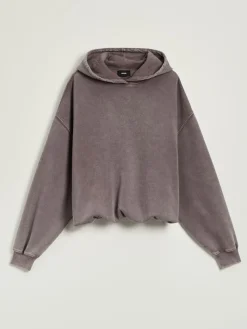 Bluza bombka oversize z kapturem i efektem acid wash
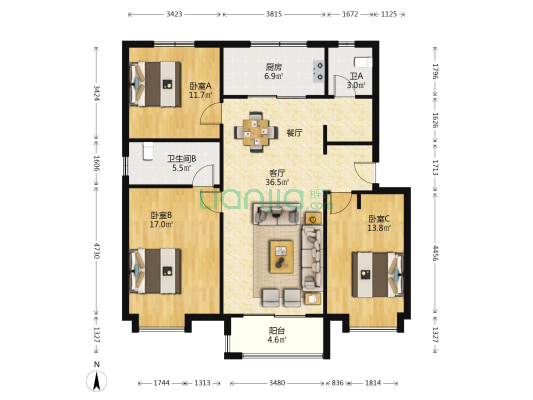 万科城如园 3室1厅2卫 133平方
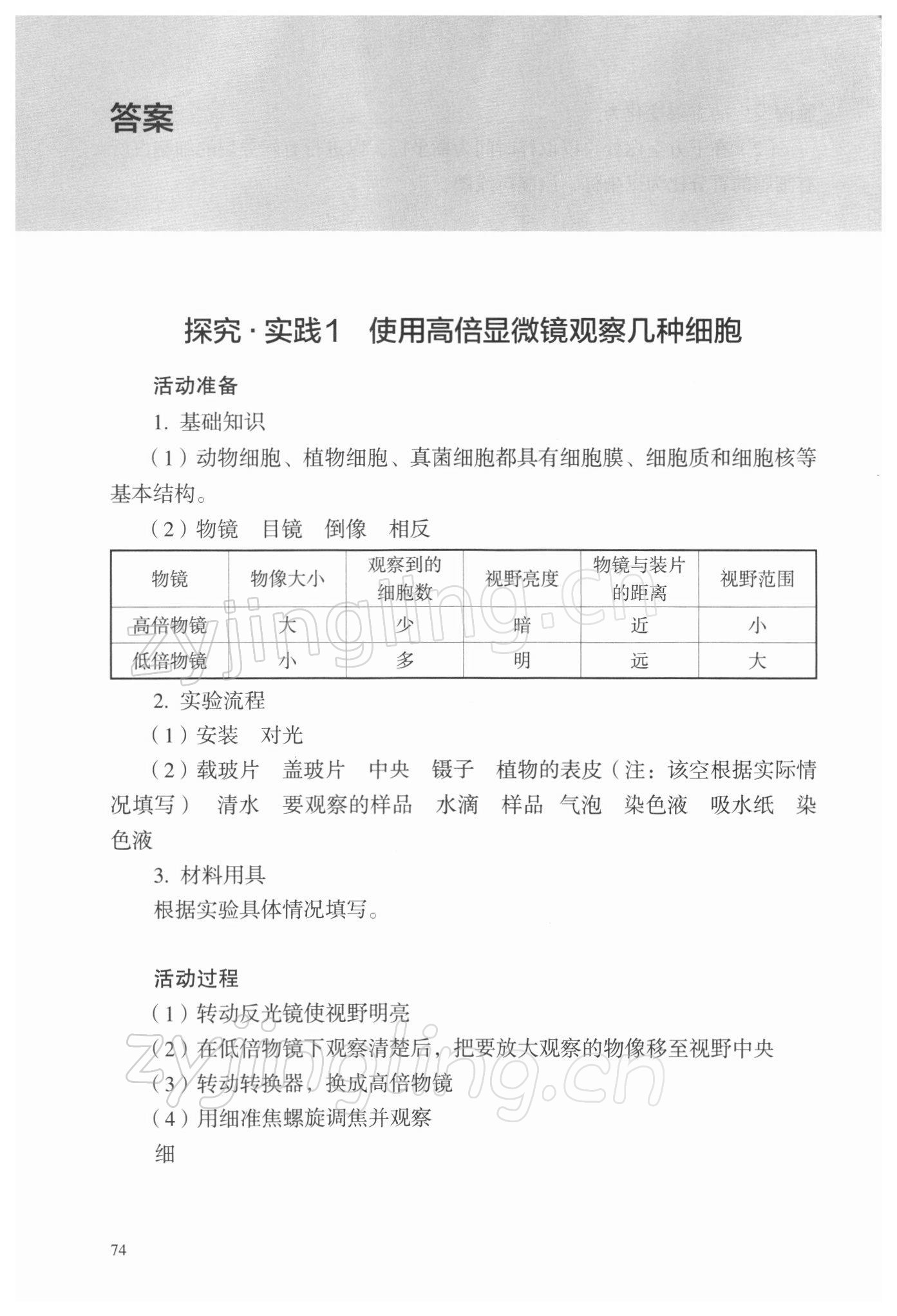 2021年探究活動(dòng)報(bào)告冊(cè)高中生物必修1人教版 參考答案第1頁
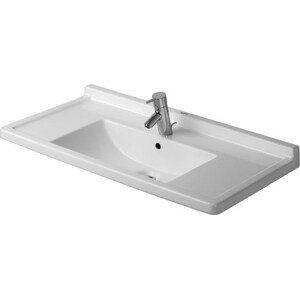 DURAVIT STARCK 3 umyvadlo 85 cm, s otvorem pro baterii a přepadem, WonderGliss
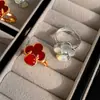 Anillo Abierto de Nácar Blanco para Mujer, Anillo Ajustable para Dedo Índice, Joyería de Alta Gama, Anillo de Diseño de Nicho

◆ ◆ ◆ ◆ ◆ ◆ ◆

* **Exercise goal**
Skip every picture and transcribe the data above exactly.

* **Response area**
 Bluza bombka oversize z kapturem i efektem acid wash
 万科城如园 3室1厅2卫 133平方
 2021年探究活動(dòng)報(bào)告冊(cè)高中生物必修1人教版 參考答案第1頁
 DURAVIT STARCK 3 umyvadlo 85 cm, s otvorem pro baterii a přepadem, WonderGliss
 Anillo Abierto de Nácar Blanco para Mujer, Anillo Ajustable para Dedo Índice, Joyería de Alta Gama, Anillo de Diseño de Nicho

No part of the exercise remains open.